0001094: Rule 7a is needed to apply to ASSIGNMENT_WORD productions

Notes
(0003433) kre (reporter) 2016-10-19 09:27 edited on: 2016-10-19 10:31	That solution cannot be correct, applying rule 7 (either half) in the cmd_prefix rules where ASSIGNMENT_WORD is expected would be loo late - we must already have an ASSIGNMENT_WORD for those productions to apply. I believe the intent is that the parser attempt to match either a cmd_name or cmd_word, at which point 7a or 7b (resp) is applied, which may turn the WORD we started with into an ASSIGNMENT_WORD and cause the cmd_name or cmd_word production to fail (there is no longer a WORD) - backtracking goes back to simple command, which can now match cmd_prefix which did not apply earlier. Whether it is possible to make this work with any currently available parser generator is an irrelevant issue for current purposes.

(0003437) Mark_Galeck (reporter) 2016-10-19 20:21	I see. I thought, that since the grammar is given in Bison/Yacc syntax, then it is implicitly assumed that the algorithm used for accepting strings, is the same as Bison.
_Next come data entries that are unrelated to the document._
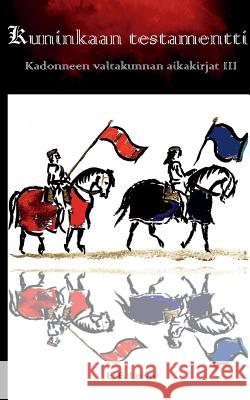 Kuninkaan testamentti: Kadonneen valtakunnan aikakirjat 3 E E Leivo, Kirjallisuusseura Puustellin Tarinat 9789528001898 Books on Demand - książka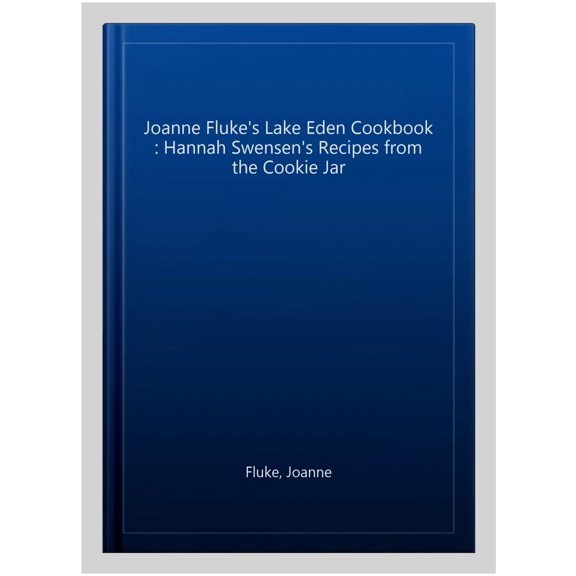 Pre-Owned Joanne Fluke's Lake Eden Cookbook (Paperback) 0758234988 9780758234988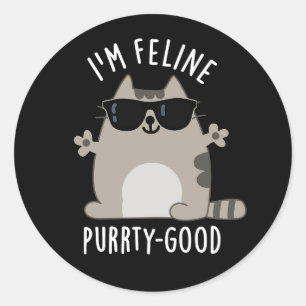 I'm Feline Purr-ty Good Funny Cat Pun Dark BG Classic Round Sticker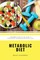 Metabolic Diet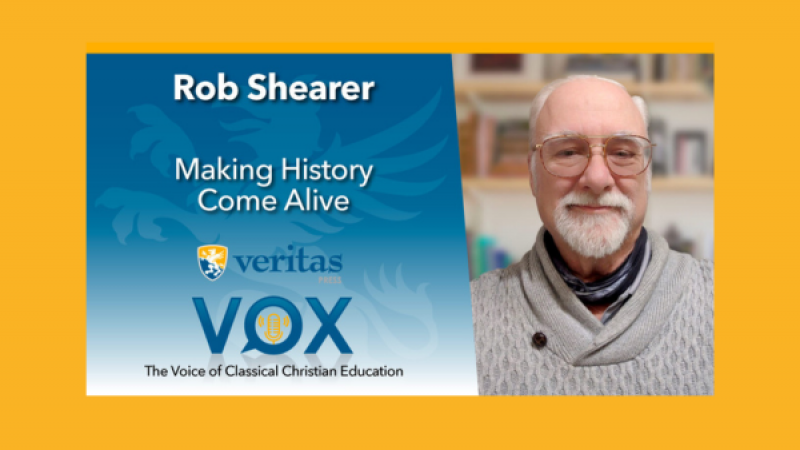 Making History Come Alive | Rob Shearer | Veritas Vox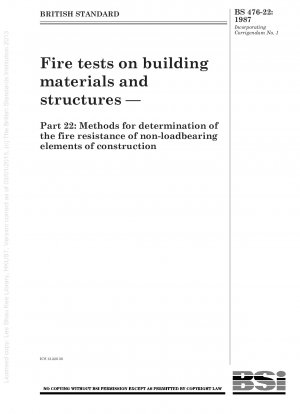 Fire tests on building materials and structures — Part 22 : Methods for determination of the fire resistance of non - loadbearing elements of construction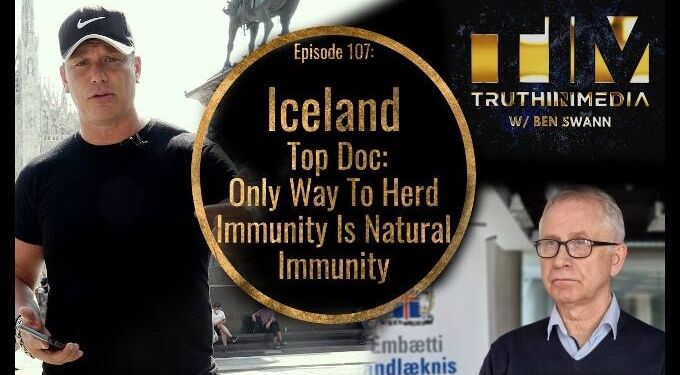 Iceland Top Doc Admits Natural Immunity Only Way To Herd Immunity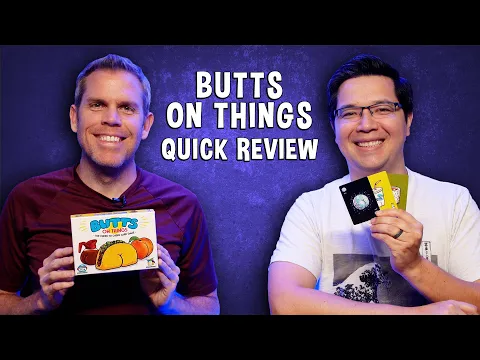 Quick Review of Butts on Things - Party Card Game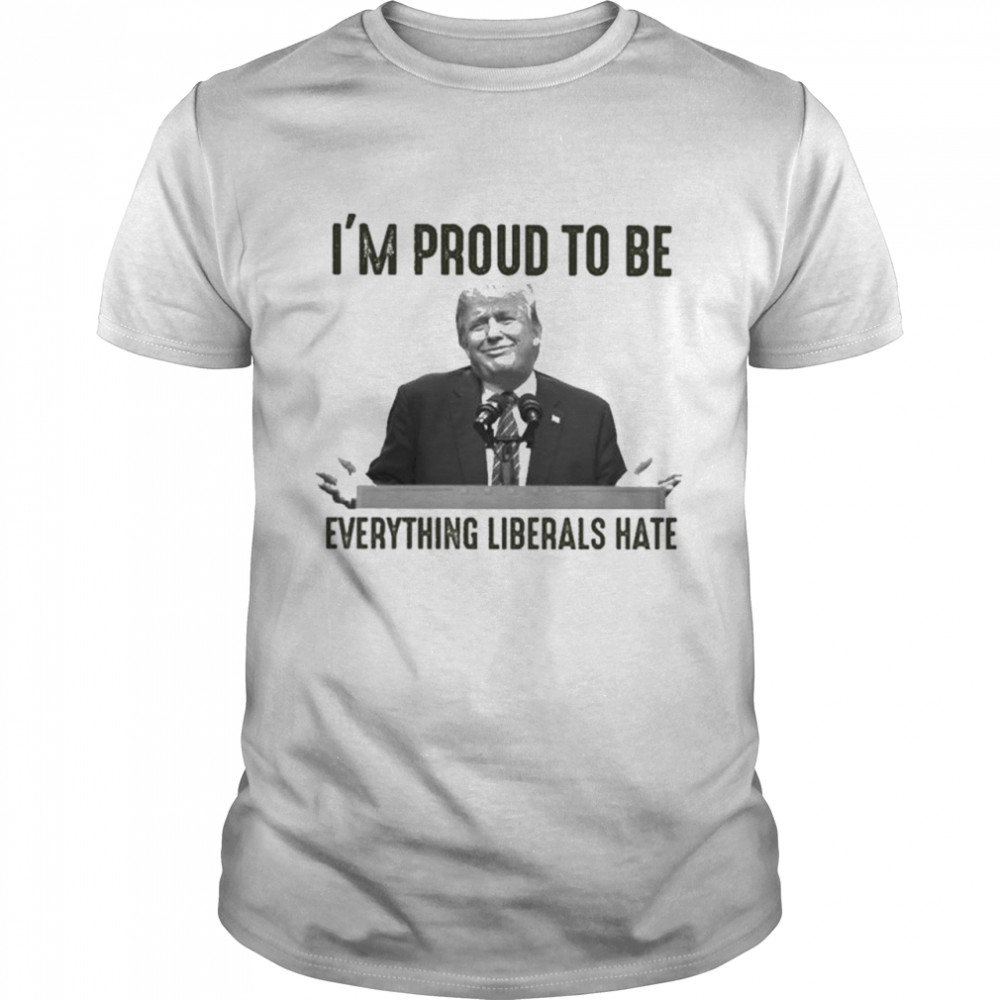 Donald Trump I’m Proud To Be Everything Liberals Hate T-Shirt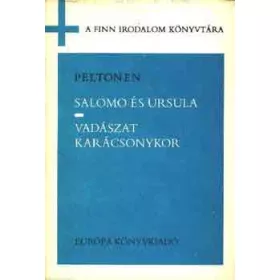 Juhani Peltonen: Salomo és Ursula - Vadászat karácsonykor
From what you are saying, that may not be the case, especially because you talk about some "backtracking", which is not present in Bison. It also sounds like, there is no particular "parser generator" at all. So if it's not Bison, then please explain, exactly how does this algorithm work. How does this "backtracking" work? How is accepting strings done? Where is this explained?
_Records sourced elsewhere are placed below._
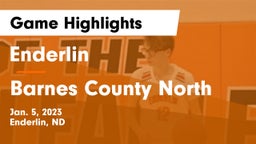 Enderlin  vs Barnes County North Game Highlights - Jan. 5, 2023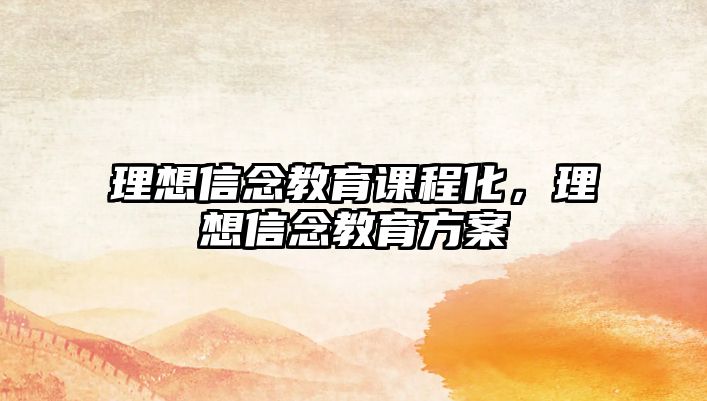 理想信念教育課程化，理想信念教育方案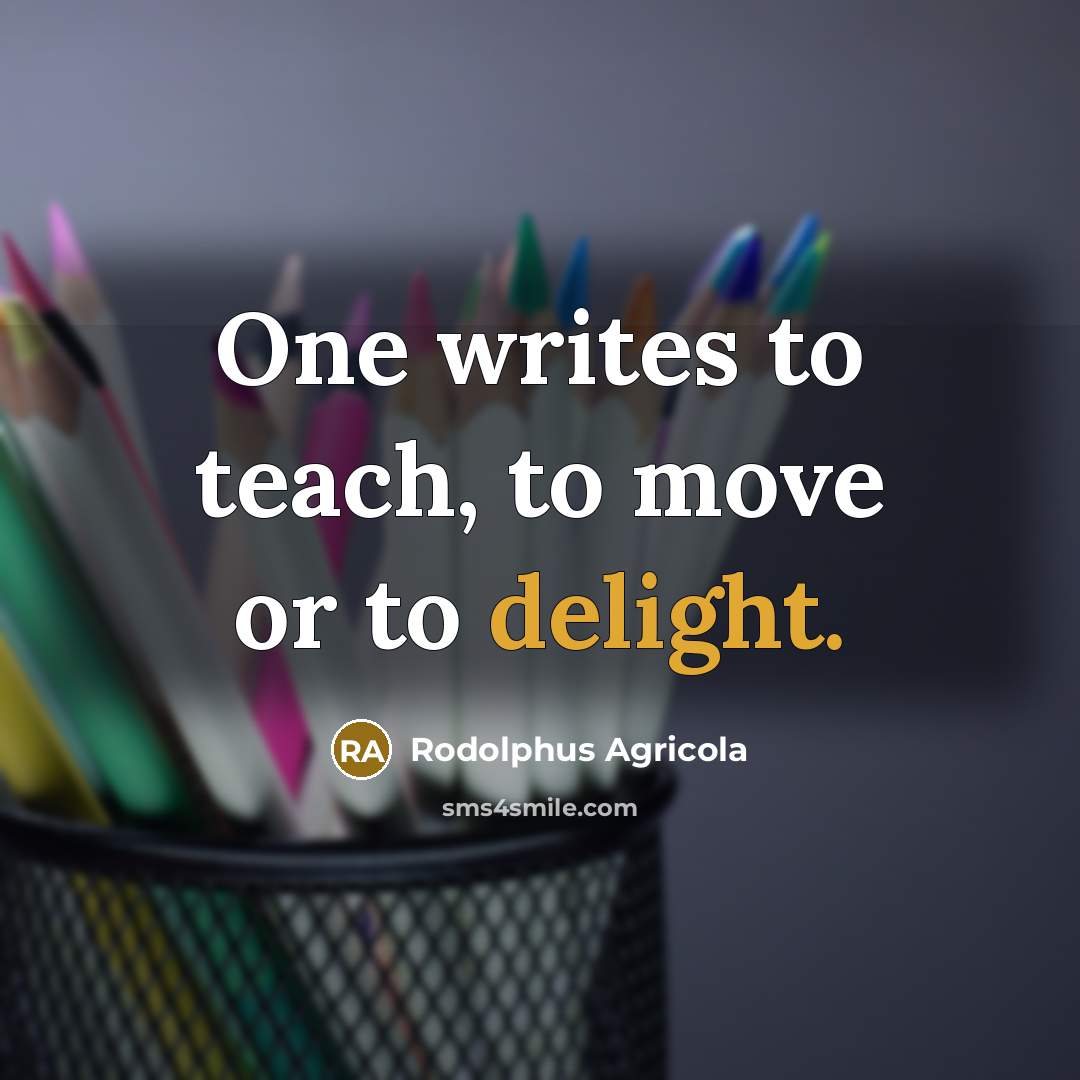 “One writes to teach, to move or to delight.” quote by Rodolphus Agricola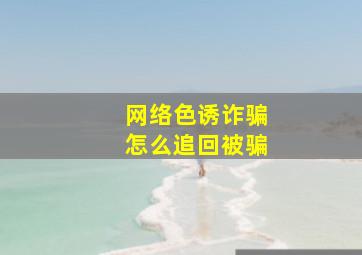 网络色诱诈骗怎么追回被骗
(0003439) geoffclare (manager) 2016-10-20 08:23	Not sure if it completely answers your question, but XCU 1.3 Grammar Conventions says: Portions of this volume of POSIX.1-2008 are expressed in terms of a special grammar notation. It is used to portray the complex syntax of certain program input. The grammar is based on the syntax used by the yacc utility. However, it does not represent fully functional yacc input, suitable for program use; the lexical processing and all semantic requirements are described only in textual form. The grammar is not based on source used in any traditional implementation and has not been tested with the semantic code that would normally be required to accompany it. Furthermore, there is no implication that the partial yacc code presented represents the most efficient, or only, means of supporting the complex syntax within the utility. Implementations may use other programming languages or algorithms, as long as the syntax supported is the same as that represented by the grammar.

(0003440) Mark_Galeck (reporter) 2016-10-20 09:13	Well, from section 2.10.2, the algorithm used, is ? + the rules from 2.10.1. And from this quoted above, it definitely appears, that ? is equivalent to yacc algorithm. Therefore, there is no backtracking like kre says. So as best I can tell, the current status of this report, is that there is something that needs to be added to the productions that involve "ASSIGNMENT_WORD", and kre says that what I want to add, is incorrect, but there is currently at present not another alternative given.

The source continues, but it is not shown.